Nel pomeriggio, Alex aprì gli occhi. Fu un attimo: un respiro profondo, un movimento del polso. Lele e Max si precipitarono al suo capezzale, Lisa piangeva di sollievo. «Siamo qua… siamo qua, bocia,» mormorò Lele, stringendo la mano di Alex. E per un attimo il mondo tornò vero.
Capitolo 15 – Rinascita
Quando Alex riaprì gli occhi, la luce bianca della stanza lo accecò per un momento. Il bip costante dei monitor e il rumore dei passi nel corridoio lo riportarono lentamente alla realtà. Cercò di muoversi, ma un dolore sordo al torace gli ricordò l’impatto. Poi sentì una voce familiare, tremante ma piena di sollievo. «hai fatto paura a mezza provincia.» Era Lele, con gli occhi lucidi. Accanto a lui, Max cercava di sorridere, ma la tensione gli rigava il volto. Alex provò a parlare, ma riuscì solo a sussurrare: «La macchina… com’è messa?» Lele sospirò. «Sta tranquillo. Adesso pensa a te, che la belva ha preso una bella legnata.»

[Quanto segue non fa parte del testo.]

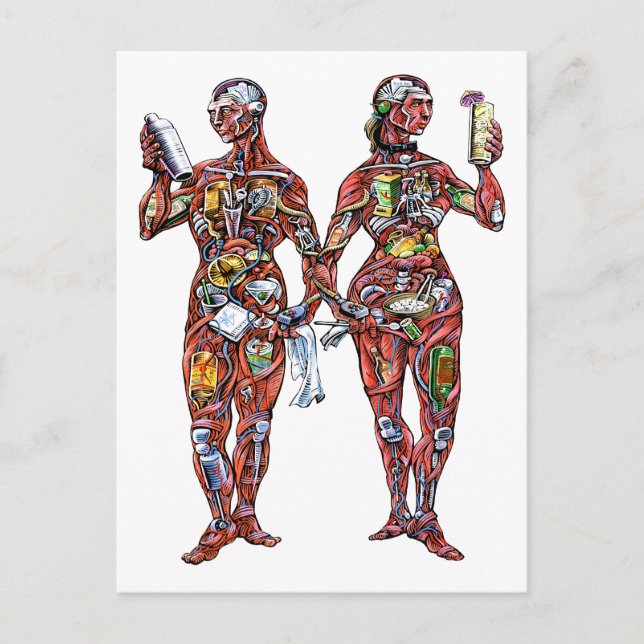 Barkeeper Anatomie (männlich & weiblich) Postkarte (Vorderseite)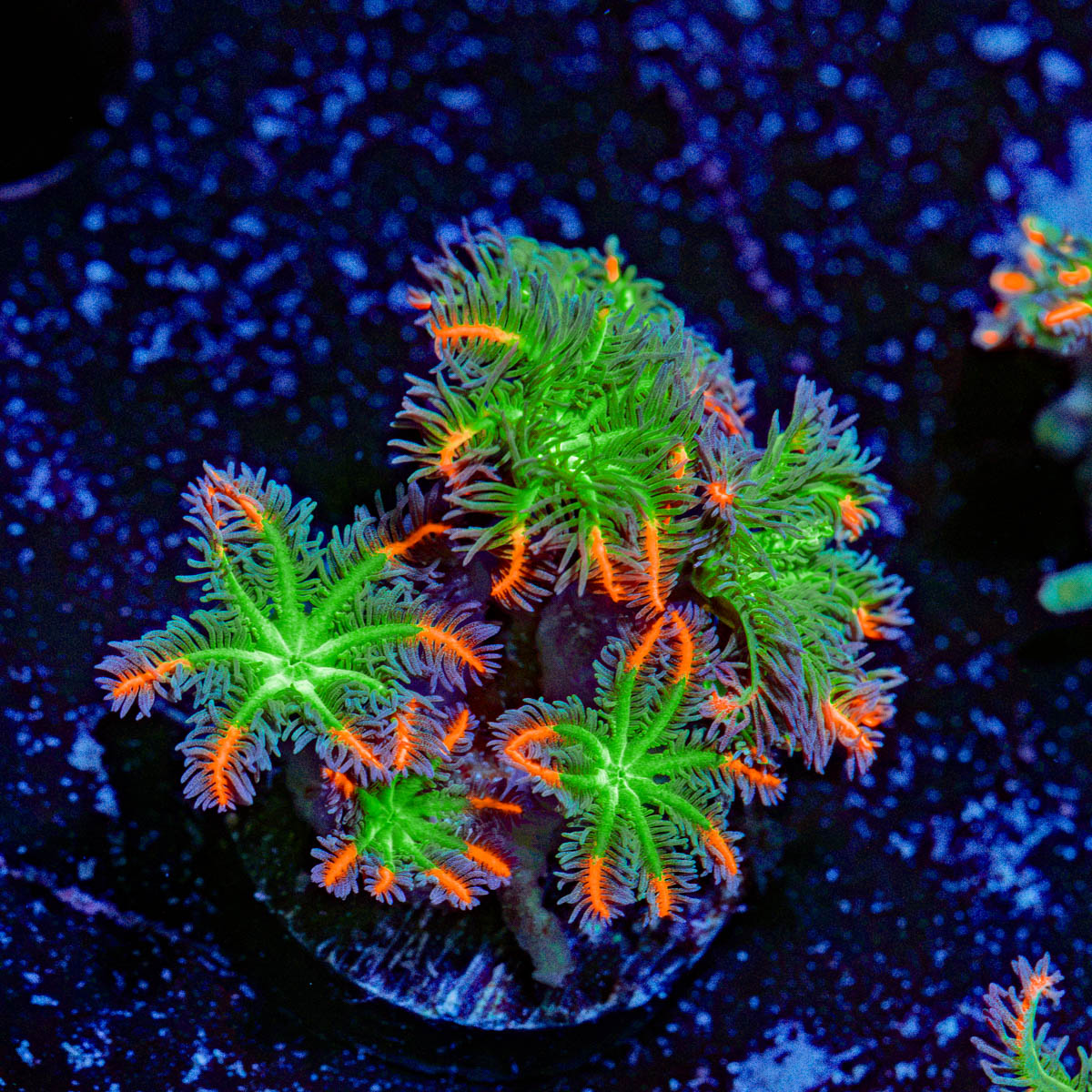 ARC FireWorks Clove Polyps Coral with colony growth in reef aquarium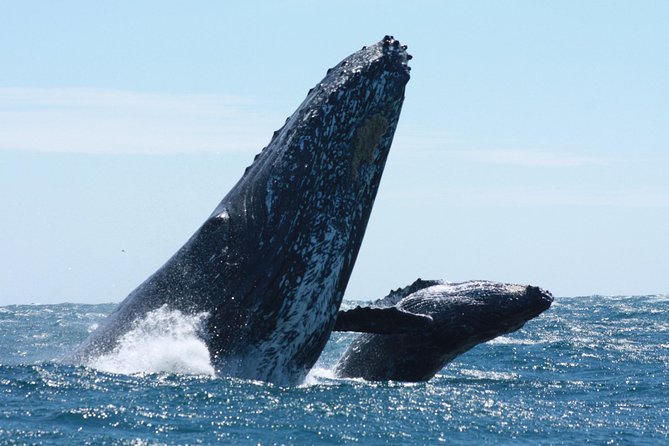 Small-Group Whale Watching Zodiac Boat Cruise in Cabo San Lucas - Meeting at Cabo Marina, and why early matters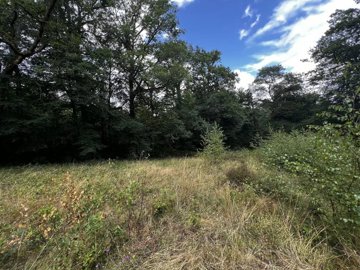 50486a662d30606f89ebb627e1d88651a4e1699f55192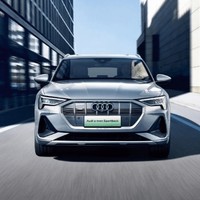 Audi 奥迪 e-tron(进口)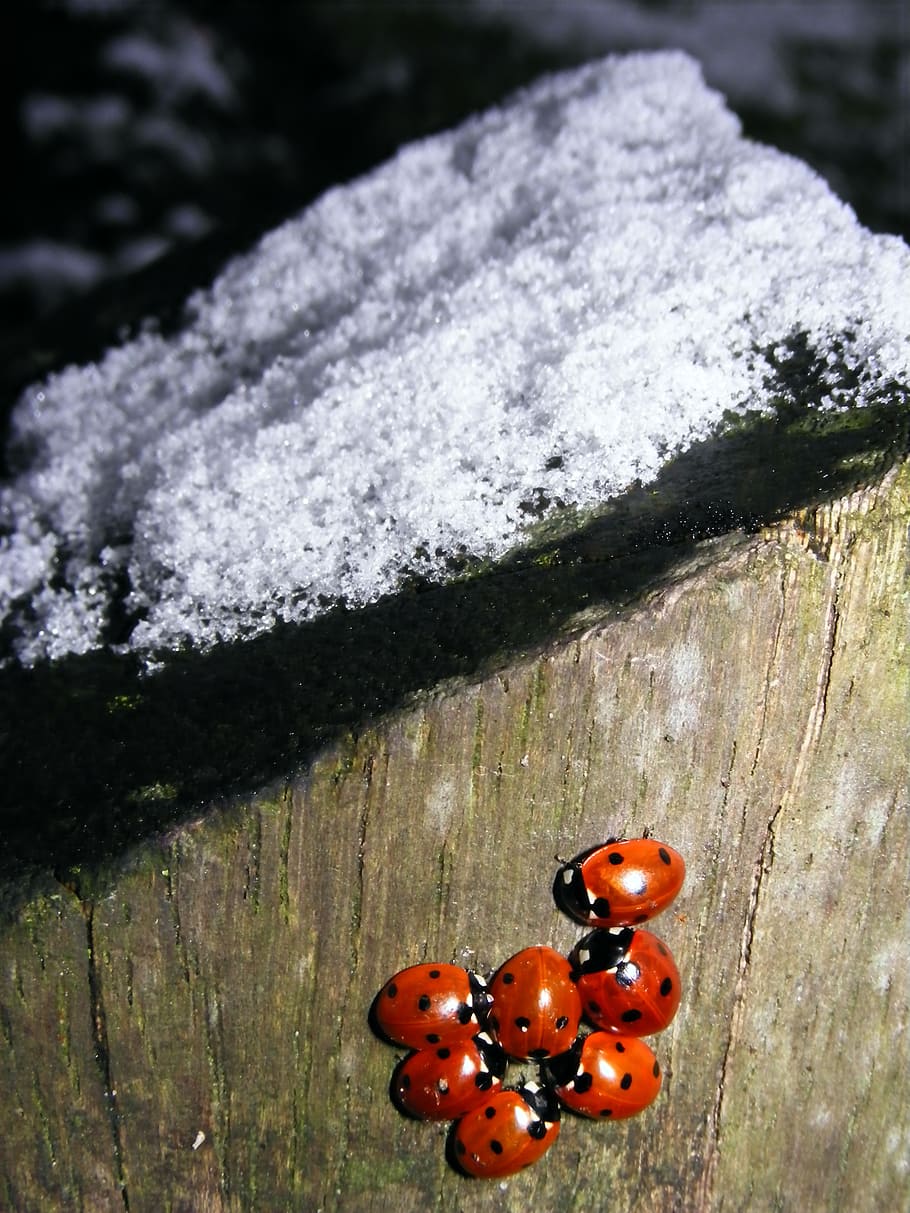 snow, ladybug, winter, no people, wood - material, close-up HD wallpaper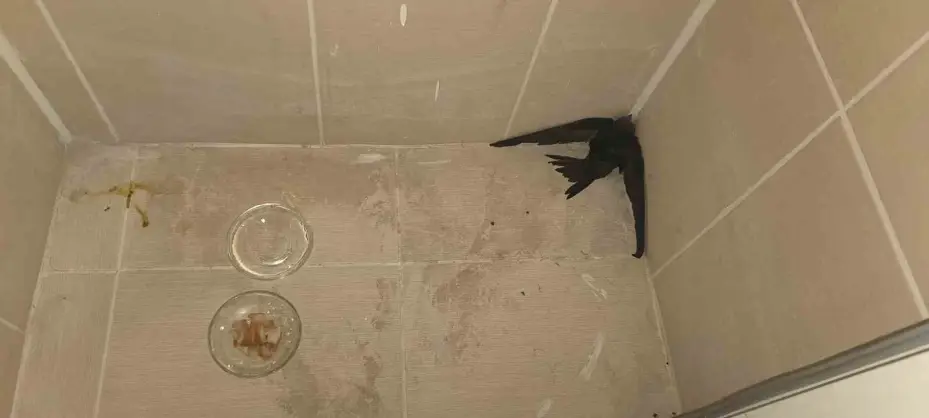Kırşehir’de yaralı ebabil kuşu tedavi altına alındı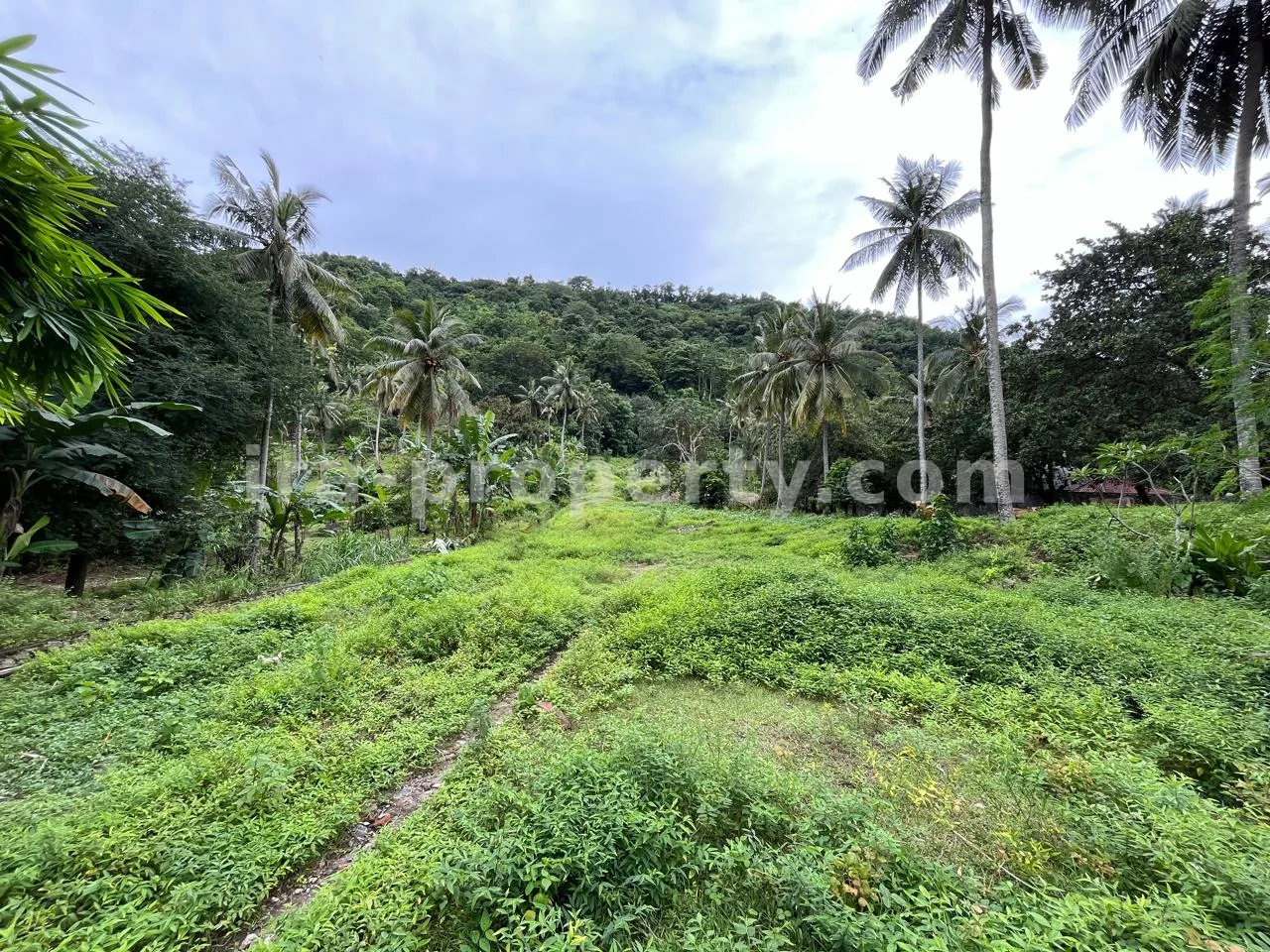 Tanah · Senggigi · foto 1 dari 4 Tanah Dijual di Kerandangan Dekat Senggigi, Lombok Barat - 371 - 1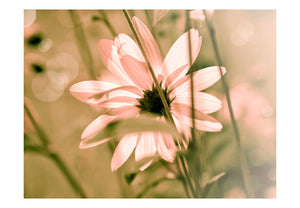 Fotobehang - Summer flower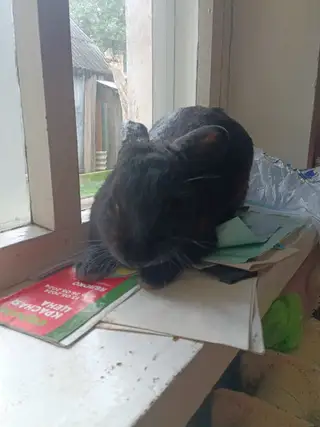 Объявление о питомце в Солигорске — фото объявления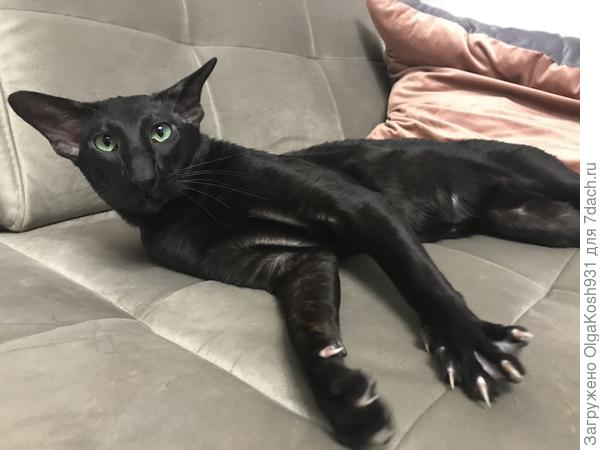 С виду суровый, а на самом деле очень добрый и ласковый, золотой характер)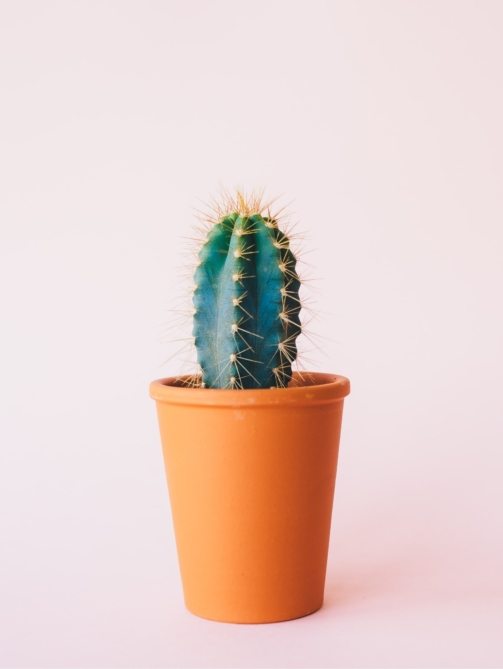 annie-spratt-fbAnIjhrOL4-unsplash-min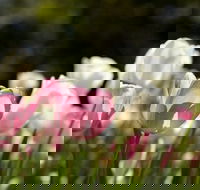 Floriade Reimagined - Accommodation Coffs Harbour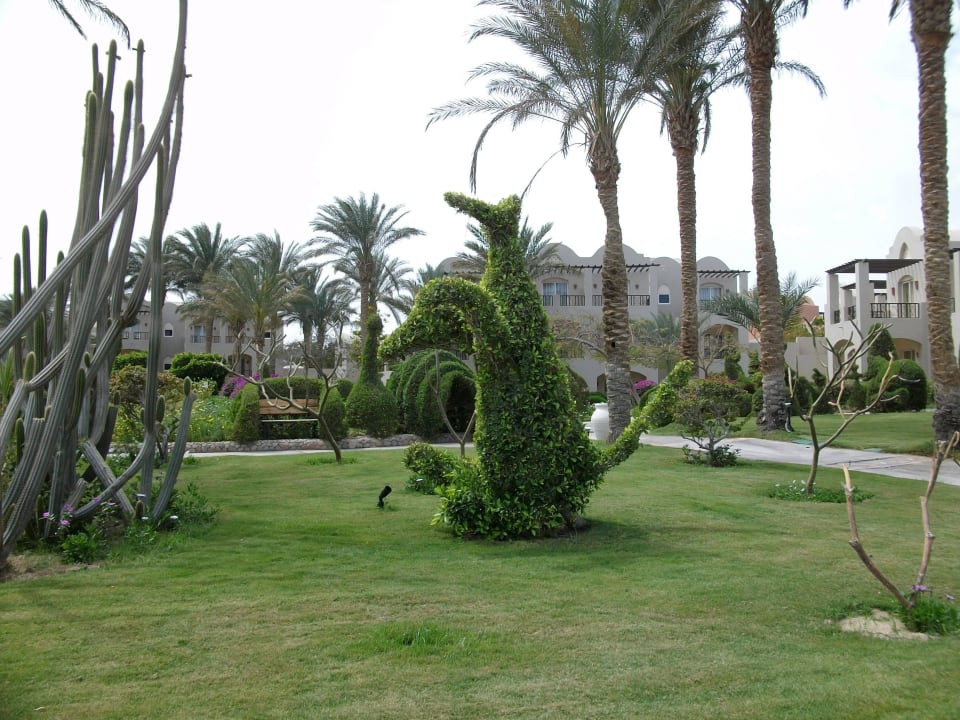 Tiere wo man hinschaut Jaz Makadi Oasis Resort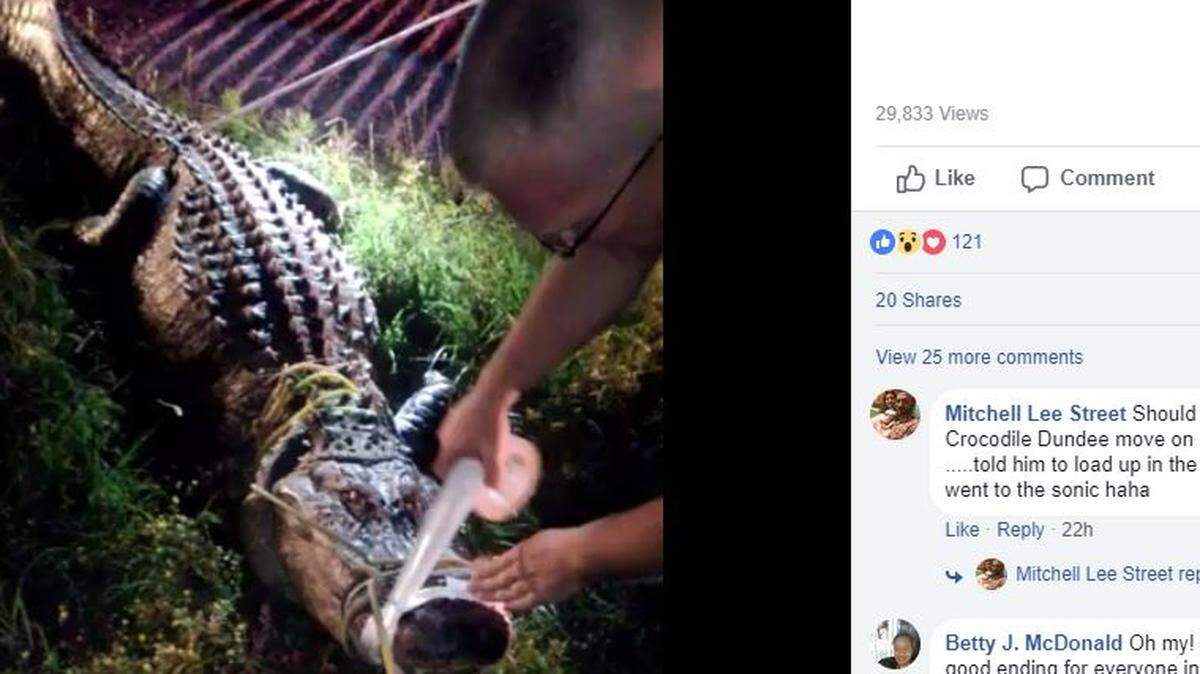 Authorities in Cleveland, Texas, wrangle George the giant alligator Monday morning with the help of local cowboy Chance Ward.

I giorni seguenti furono lenti, tra visite, controlli e fisioterapia. A seguirlo c’era Katerina, una tirocinante di fisioterapia di origini greche: capelli castani, occhi chiari e un accento dolce che rendeva sopportabili anche gli esercizi più duri. All’inizio si parlavano poco, poi giorno dopo giorno l’intesa crebbe, fatta di battute, incoraggiamenti e silenzi che dicevano più di mille parole. Lei era la calma dopo la tempesta, e lui trovava nei suoi sorrisi la forza di spingere un po’ di più ogni giorno. Katerina non era solo brava, era metodica, aveva un modo di fare che non ammetteva repliche: quando Alex provava a fare il fenomeno sforzando la gamba, lei gli premeva un dito sulla spalla e lo rimetteva a posto con un solo sguardo. «In Grecia diciamo che la fretta è nemica della vittoria» gli diceva un pomeriggio mentre gli massaggiava i tendini con mani forti, che sapevano di olio di mandorle. Alex la guardava: aveva una piccola cicatrice vicino al sopracciglio e portava sempre i capelli legati con una matita, un gesto che lui trovava ipnotico.
«E cosa dire della potenza?» chiedeva lui provando a sorridere nonostante il dolore.
«Diciamo che se ti manca l'equilibrio, la potenza è solo un modo piu veloce si cadere,» rispondeva lei senza smettere di sorridere
«Si infatti io ne sono la prova,» ammetteva Alex con un sorriso amaro, ma in quei momenti tra il sudore della palestra e l'odore di alcool sanitario, capiva che Katerina vedeva oltre il pilota. Vedeva l'uomo che aveva paura di restare in piedi, e quella sua calma greca era l'unica cosa capace di spegnere l'incendio che aveva dentro.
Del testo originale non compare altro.